Extending Numba with `overload`

Posted on April 06, 2020

Numba is an amazing project. It's able to just-in-time (JIT) compile a fairly large subset of numerical Python code to fast machine code, with the user only having to apply a decorator to their function. It looks like this:

import random
import numba as nb

@nb.njit   # <- magic Numba decorator
def monte_carlo_pi(nsamples):
    """Estimate the value of Pi using the monte-carlo method"""
    acc = 0
    for i in range(nsamples):
        x = random.random()
        y = random.random()
        if (x ** 2 + y ** 2) < 1.0:
            acc += 1
    return 4.0 * acc / nsamples

The above is an example routine for estimating Pi using the monte-carlo method. Without the nb.njit decorator monte_carlo_pi would successfully run (everything is valid Python), but with the decorator itruns significantly faster (roughly 30x in my quick benchmark).

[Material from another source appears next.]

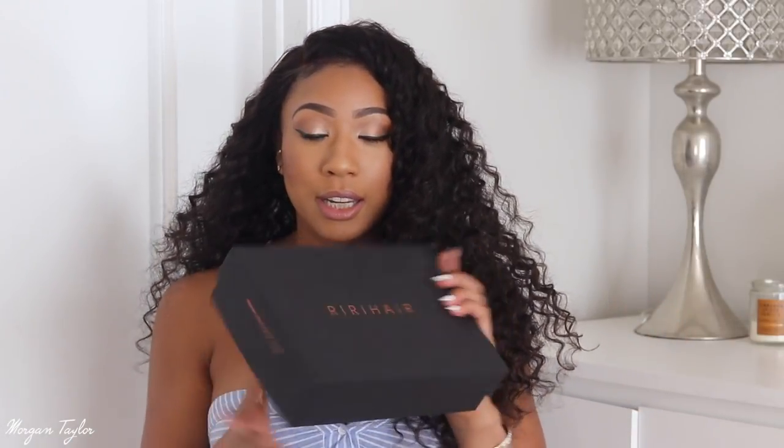I'm going to give you guys the specs on it. Inside the box we have the hair of course. It comes with an information card. This is Brazilian hair and this is 130% density, which is amazing because it's really, really full. I got a medium cap size. It came with a pre-plucked hairline. The whole front is bleached, and it came with an elastic band. It came with a thank you card.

Numba does this by analyzing the decorated function's bytecode to build an intermediate representation (IR) of the its structure. Type inference is then applied, followed by a series of IR transformations. Finally the IR is used to generate LLVM IR, which is then compiled to machine code. Part of this transformation process involves swapping out calls to Python functions (like random.random above) with faster compiled versions that Numba knows about.

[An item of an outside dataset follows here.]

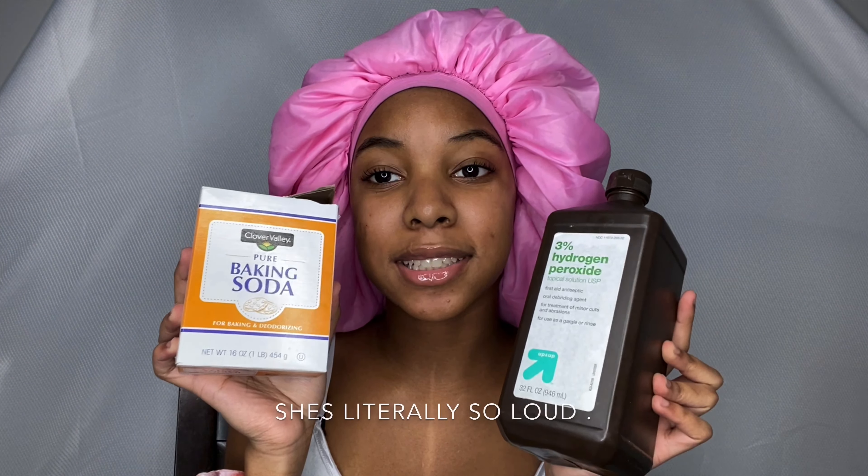Hey it's Sophia back here again with another YouTube video. Today I'm going to be doing something that I probably shouldn't be doing, but hey, we're on quarantine, we're doing crazy stuff. I'm going to be attempting to bleach my hair with baking soda and hydrogen peroxide. I've seen this on TikTok and that's it, so we're gonna get right into this video.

Numba natively supports a decent subset of Python and NumPy (see here and here for a full reference). But sometimes you'll run into situations where Numba doesn't know about the function you're referencing. In this case you'll get an error:

>>> import numpy as np
>>> import numba as nb

>>> @nb.njit
... def clipped_sum(x):
...     return np.clip(x, 0, 1).sum()

>>> clipped_sum(np.arange(10))
Traceback (most recent call last):
File "<stdin>", line 1, in <module>
File "/opt/miniconda3/envs/numba/lib/python3.8/site-packages/numba/dispatcher.py", line 401, in _compile_for_args
    error_rewrite(e, 'typing')
File "/opt/miniconda3/envs/numba/lib/python3.8/site-packages/numba/dispatcher.py", line 344, in error_rewrite
    reraise(type(e), e, None)
File "/opt/miniconda3/envs/numba/lib/python3.8/site-packages/numba/six.py", line 668, in reraise
    raise value.with_traceback(tb)
TypingError: Failed in nopython mode pipeline (step: nopython frontend)
Use of unsupported NumPy function 'numpy.clip' or unsupported use of the function.

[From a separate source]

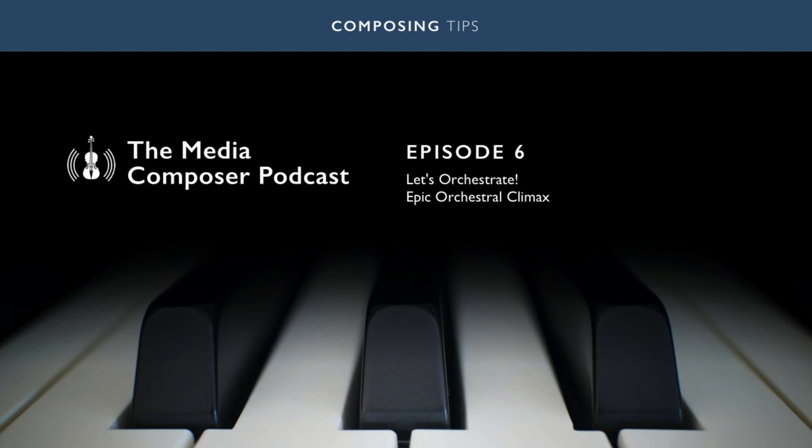Hi, welcome to another episode of Composing Tips, the Media Composer podcast. I'm Nico and today I'm starting a new series on orchestration. As some listeners asked me to make my projects downloadable, you can also get the MIDI for the project in this episode at composingtips.com. It's all free, don't worry.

File "<ipython-input-8-3524b5de079c>", line 3:
def clipped_sum(x):
    return np.clip(x, 0, 1).sum()
    ^

[1] During: typing of get attribute at <ipython-input-8-3524b5de079c> (3)

File "<ipython-input-8-3524b5de079c>", line 3:
def clipped_sum(x):
    return np.clip(x, 0, 1).sum()
    ^

Numba (at least version 0.48.0) doesn't know how to handle the np.clip call. We'll need to use Numba's extension API to add support for np.clip.

Implementing new functions with `overload`

To add support for a new function to Numba, we can make use of the numba.extending.overload decorator. The decorated function is called at compile time with the types of the arguments, and should return an implementation for those given types. This implementation will then be jit compiled and used in place of the overloaded function.

Lets work a simplified example first, before handling np.clip. Say we wanted to add Numba support for the following function:

def myfunc(x):
    if isinstance(x, int):
        return x + 1
    elif isinstance(x, float):
        return x * 2
    else:
        raise TypeError("x must be an int or a float")

The above checks if x is an int, and if so increments it. If it's a float it doubles it. Otherwise it raises a TypeError.

These type checks happen at runtime. When writing our Numba implementation, the types are known at compile time. This means that we can elide the type checks at runtime by handling the type-based dispatching (and erroring) at compile time.

The corresponding Numba implementation for this function is:

from numba import types
from numba.errors import TypingError
from numba.extending import overload

@overload(myfunc)
def implement_myfunc(x):
    # This is a code generator for ``myfunc``.
    # Here x is the compile-time *type*

    if isinstance(x, types.Integer):
        def impl(x):
            # This is an *implementation* of ``myfunc`` (in this case the
            # implementation for integer values of x).
            # Here x is the runtime *value*
            return x + 1

    elif isinstance(x, types.Float):
        def impl(x):
            return x * 2

    else:
        # If an invalid type is passed to ``implement_myfunc``, a
        # ``numba.types.TypingError`` should be raised. This helps inform
        # the user what went wrong.
        raise TypingError("x must be an int or a float")

    return impl

At a high level implement_myfunc and myfunc look quite similar. Both branch on the type of x, with branches for integers, floats, and errors. But while myfunc returns values, implement_myfunc returns a callable that will be JIT compiled by numba and used to implement myfunc for the provided type.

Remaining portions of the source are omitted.